It may have seemed sudden yesterday when Sergeant D. decided to pull the plug on his website, Stuff You Will Hate. But for many of us, the writing’s been on the wall for months. Sarge’s posts for MS have veered away from making fun of weird scene bands and refocused on straight up memes and articles about the metal business, while a host of new websites (The Hard Times, Noisey’s occasional zany joke posts like this and this, etc.) have begun to carry the torch for making fun of underground culture.
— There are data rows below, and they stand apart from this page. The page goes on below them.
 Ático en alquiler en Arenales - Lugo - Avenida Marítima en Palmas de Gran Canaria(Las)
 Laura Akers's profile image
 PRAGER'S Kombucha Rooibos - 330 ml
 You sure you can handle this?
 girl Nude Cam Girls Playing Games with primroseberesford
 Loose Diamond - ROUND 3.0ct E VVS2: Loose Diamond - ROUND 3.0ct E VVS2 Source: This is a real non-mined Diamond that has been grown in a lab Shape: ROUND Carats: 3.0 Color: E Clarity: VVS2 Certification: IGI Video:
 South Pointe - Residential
So this is a post-mortem on a group of gonzo writers who brought to our attention the most psychotic, hilarious, and head-shaking trends in metal and punk culture: special snowflake syndrome, crabcore, neon, entombedcore, easycore, tr00 pop punk, hipsters at ’80s NYHC reunion shows, ’90s fetishism, ‘sup bro, vegan death metal, white knighting, beta basement dwellers, the comments section of metalcore videos on YouTube. In an era filled with copy-catting, Internet humor mired beneath dozens of layers of self-referential irony, and the usual media circus that shoves crap bands down our throats, Stuff You Will Hate specialized in something rare: honesty.

The thing about Internet scene media (and in particular young websites/blogs) is that much of its lifesblood comes from producing original content related to the music, like interviews, song premieres, videos, news scoops, etc. This content doesn’t just happen by accident — it comes out of working relationships with bands, publicists, and labels. Consequently, lots of critics and bloggers tend to be hesitant in their writings on bands for fear of damaging those relationships. Not all, but some, enough so that the general pantheon of music journalism always tends to hover around a certain kind of status quo way of talking about bands (which is why when you get a certain kind of think-piece, like the ones often published on this website, people lose their shit — because they’re not used to it!)
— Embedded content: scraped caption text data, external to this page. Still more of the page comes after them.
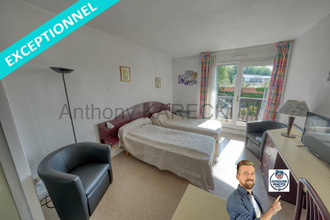 achat appartement dax 40100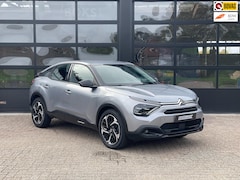 Citroën C4 - 1.2 Puretech Feel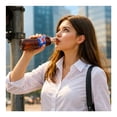 thumbnail image 5 of Refresco Pepsi regular 600 ml, 5 of 5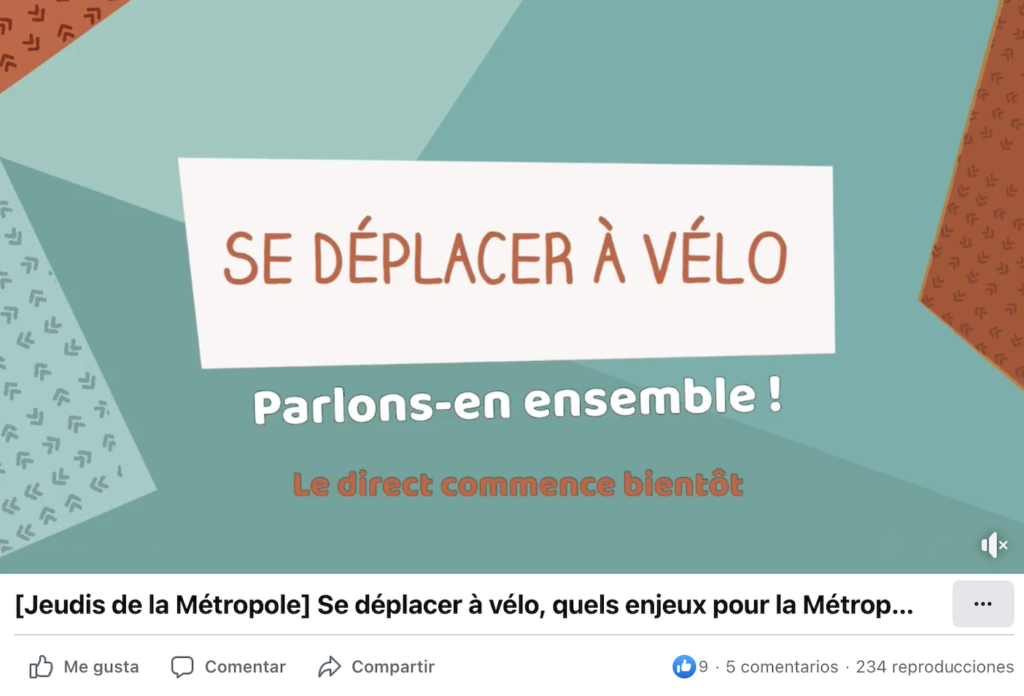 MÉTROPOLE DU GRAND PARIS_solution_video_sequence 25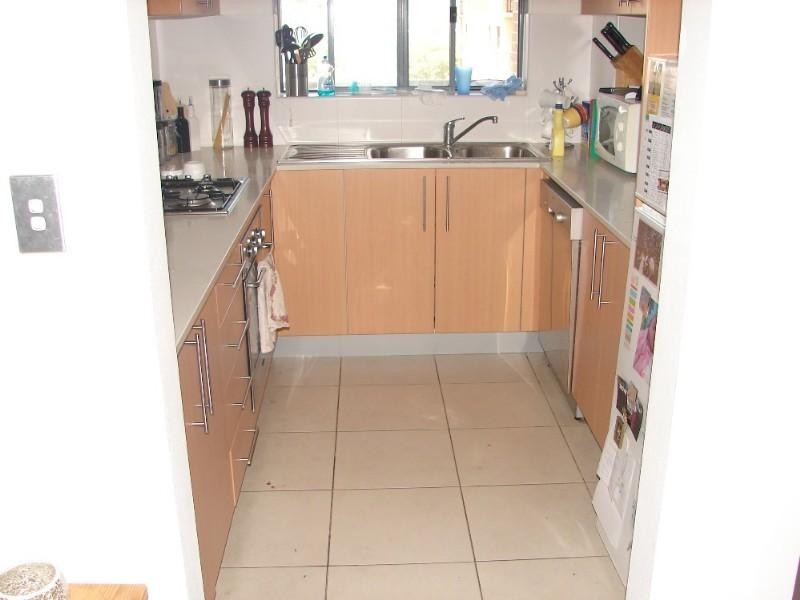 27/18-28 Gray Street, Sutherland NSW 2232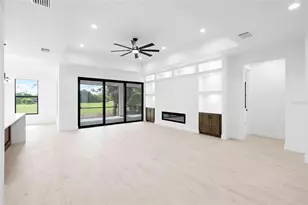 260 Tournament Rd, Rotonda West, FL 33947 - Photo 9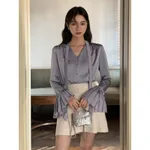 Blue Gray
I imagine Stuff You Will Hate was equally revered and reviled by metal publicists. Revered because it was incisive, funny, and honest, and reviled because in the span of a single post it could turn your band from artist to meme. But the website was in a rare position — influential in a certain corner of the community, but not at the Lester Bangs level of mass-media audience — that allowed the writers to say things you couldn’t read about anywhere else.

Sergeant D. has said before that he considers SYWH to be a pioneer in making fun of uptight Internet metal-nerd-comments-section basement dwellers. But my favorite aspect of their work was the way they anticipated the direction that alternative media outlets (and alternative “punk”/music culture in general) have been headed in over the last few years.

Posts like “What 80’s HC band should NPR/Noisey/Rolling Stone Jock next,” pointing out that Henry Rollins was in Black Flag for five years but he’s been talking about it for twenty, noticing that hipsters and art students only listened to metal/hardcore that’s old enough to be associated with a distant past (*trophy emoji*)… all of this did more than just make us laugh — it also spoke some serious truths to the power held by the purveyors of Vitamin Water-sponsored youth culture. As my favorite entertainment industry critic Bob Lefsetz has said, comedians are more relevant than musicians these days; they’re the ones who have the ability (and the balls) to say the shit that everyone else is thinking.

And that’s what I’ll miss. Because even though those in the know are aware of the editorial package those websites sell, the further entrenchment of safely codified metal/hardcore into the general mainstream-alternative branch of culture continues to this day. There are some SYWH imitators doing a good job, but nobody really cuts to the core the way those guys did. I hope, as I know Sergeant D does, that kids learn from what they wrote about. But I also hope that they don’t, and that there will always be a Chunk! No, Captain Chunk! to remind us how silly, and fun, this music is supposed to be.